The BRICS' statement on IMF leadership is a harbinger of things to come. Those who have been paying attention to the current shifts in the global order will appreciate that this move was the logical next step in the evolving global governance scenario unfolding gradually for the past decade, and picking up speed since the outbreak of the 2008−09 financial crisis.

What is especially eye opening is the timing of this current joint criticism from the BRICS.  Their challenge to the impending IMF leadership change comes after the British government issued a very public endorsement of the French candidate, after a number of European countries, including Germany and the European Union, came out in support of the French finance minister, and after Minister Lagarde announced her candidacy.

What has been missed, given the illusion of permanence, is that we are now in the early stages of an interregnum in global governance — an extended transitionary phase, as we move from the end of the old order and the eventual birth of the new.

It is not an accident that the BRICS' joint criticism of the traditional entitlements in the international system comes just as government leaders of the established powers are jetting to France for the G8 summit.

The BRICS challenge comes amid a sensitive time for France, when many domestic voices consider the public handling of the former IMF chief's arrest as an affront to French national honour and, perhaps most important, when the French presidency is heading for the home stretch in preparing for the upcoming G20 summit in Cannes.

For now, the criticism of the BRICS is aimed at European privilege in global affairs. The French will, perhaps, eventually prove successful in wooing Chinese authorities to come onside, this time, to support Minister Lagarde as IMF head. France has, after all, made significant efforts to reach out to Beijing on key issues for the Chinese for the G20, such as international monetary reform and speculation on commodity markets.

An alternative IMF leadership outcome would, moreover, presuppose that the BRICS can settle on a preferred candidate from the developing world, as well as overcome the strong influence which the United States and Europe continue to exercise over the board of the IMF.

However, the assault of the emerging powers on the traditional entitlements of the established powers is only likely to intensify as long as the shift in global economic power continues.

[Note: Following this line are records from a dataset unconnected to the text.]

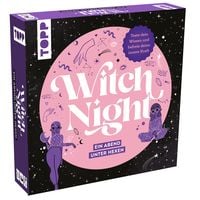 Bild vom Artikel Witch Night - Ein Abend unter Hexen. Teste dein Wissen und befreie deine innere Kraft vom Autor Anne Kalicky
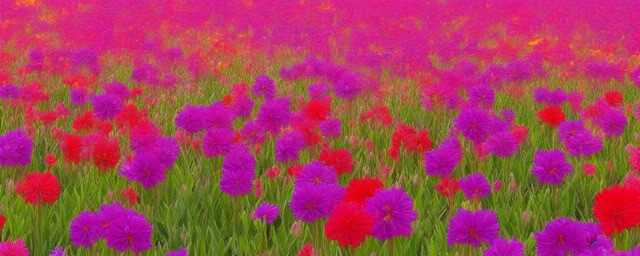 一月什么花开得最旺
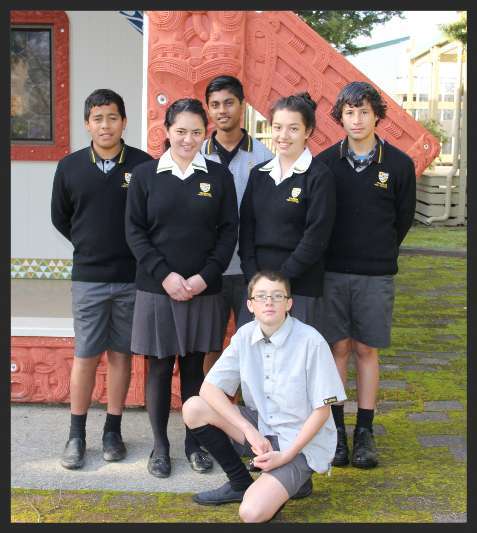 Tokoroa High School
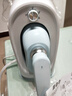 飞利浦（PHILIPS）【价保618】台式不占地熨烫机手持家用小型挂烫机最大蒸汽量84g/min 1L拼豆熨斗STE0950/70 桃汽包 实拍图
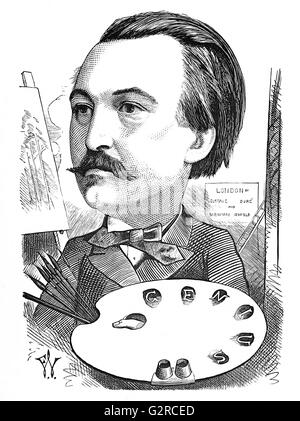 Gustave Doré Foto de stock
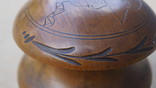 Шкатулка деревянная Гуцул, фото №7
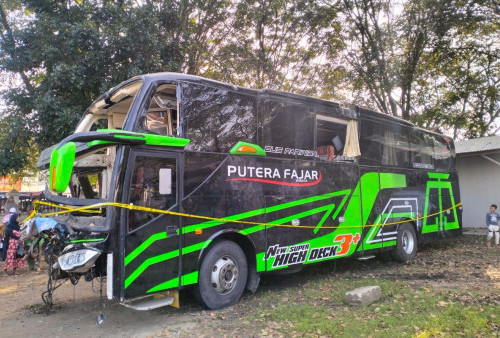 Selain Sopir Bus Pariwisata Putera Fajar, Apa Bakal Ada Tersangka Lain di Insiden Kecelakaan Subang?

The longer-term interest of the BRICS and the general trend is reflected in the comment made last week by China's central bank governor, Zhou Xiaochuan, that the IMF's leadership should reflect the growing stature of the emerging economies and the shift in the world economy.

Goldman Sachs Assets Management has now thrown its influential support behind choosing the next leader of the IMF on the basis of merit: they should be "well versed in the many economic and policy issues that the IMF must handle and lead; and must have a personality that can engage successfully with the many different members to orchestrate change, as well as a better and more balanced world economy. That the leader must not simply be a figurehead of a European and US "deal" to sustain the historic arrangement."(1)

Fortunately, the Group of 20 nations endorsed "an open, transparent, and merit-based selection process" for the heads of the global financial institutions at their April 2009 summit. The test of their commitment to this pledge is still to come.

(1) Source: Jim O'Neill, "IMF Leadership," Viewpoints from the Office of the Chairman. Goldman Sachs Asset Management, May 22, 2011. Available at: wwwqa2.goldmansachs.com/gsam/advisors/education/viewpoints_from_chairman/viewpoints-pdfs/IMF-Leadership.pdf.